Three Common Decision-Making Types

Making good business decisions is a critical part of every executive’s job and is vital to every company’s well-being.
There are three common decision types, ranging from those that are infrequent but significant in scope to smaller, routine decisions that can be delegated. While most organizations seem to make trade-offs between velocity (how fast was the decision made and executed?) and quality (how good was the decision?), faster decisions tend to be higher quality, suggesting that speed does not undercut the merit of a given decision. Rather, good decision-making practices tend to yield decisions that are both high quality and fast.
At the few companies that excel at decision making, which are called decision-making “winners,” they use the ability to perform well on both measures while also seeing better financial results.
Specifically, the winners make good decisions fast, execute them quickly, and see higher growth rates and/or overall returns from their decisions.
Three decision types that are most common are: big-bet, cross-cutting, and delegated decisions.
Big bets are infrequent and high-stakes decisions, often with the potential to shape the company’s future—for example, acquisitions and annual resource allocation.
Cross-cutting decisions, like big bets, are broad in scope, but they are more frequent and familiar.
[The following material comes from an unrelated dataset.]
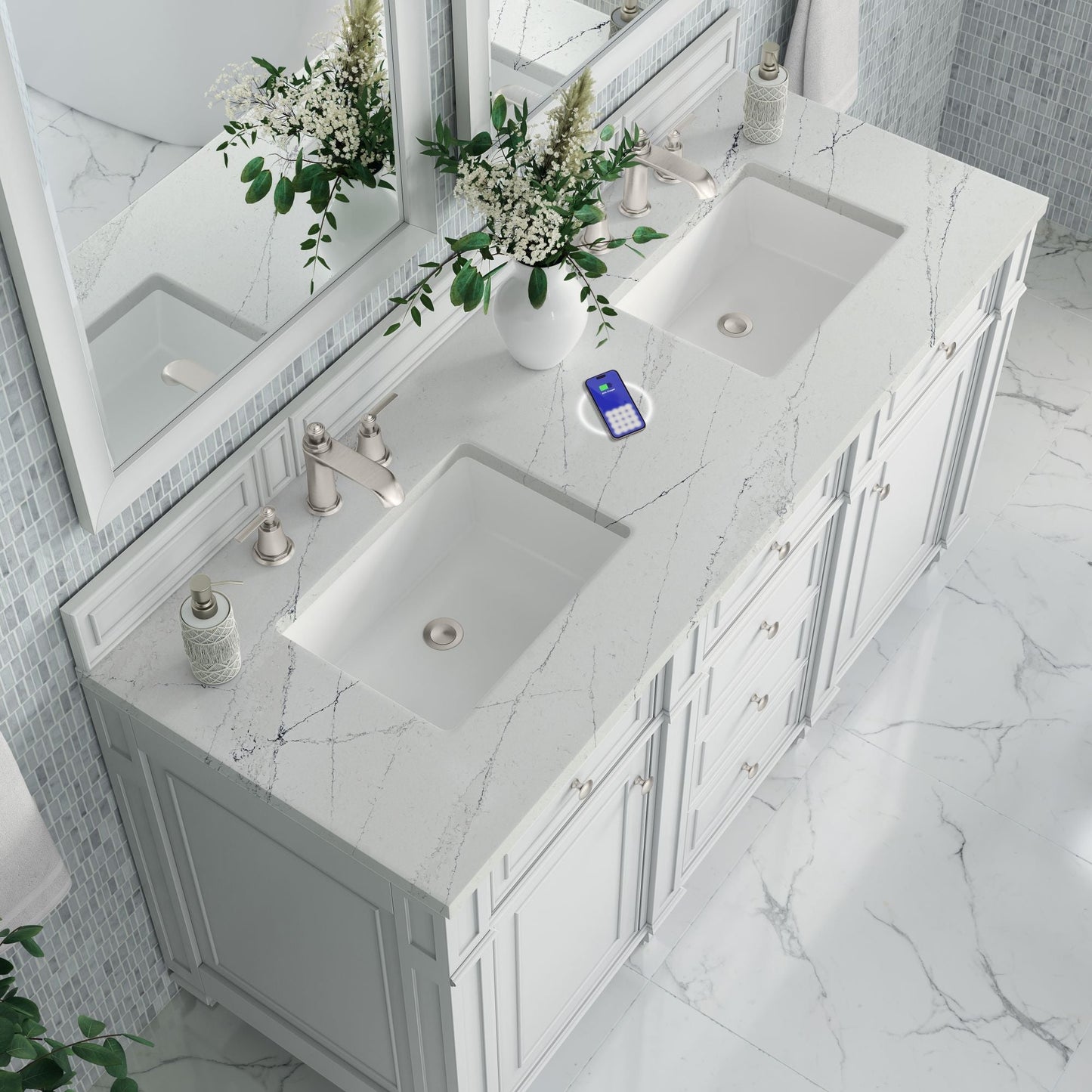 
                  
                    Bristol 60" Double Vanity in Bright White Double bathroom Vanity James Martin Vanities FreePower-Enabled Ethereal Noctis Silestone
They consist of a series of smaller, interconnected decisions made by different groups in the company as part of a collaborative, end-to-end decision process, as with a pricing decision.
Finally, delegated decisions are frequent decisions that are much narrower in scope, such as changes to HR policy. These decisions are effectively handled by a single individual or working team made accountable for the decision, and they usually require limited input from others.
The quality and speed of decision making are both strongly associated with overall company performance, as well as faster decision-making processes and faster execution of decisions both link to higher returns.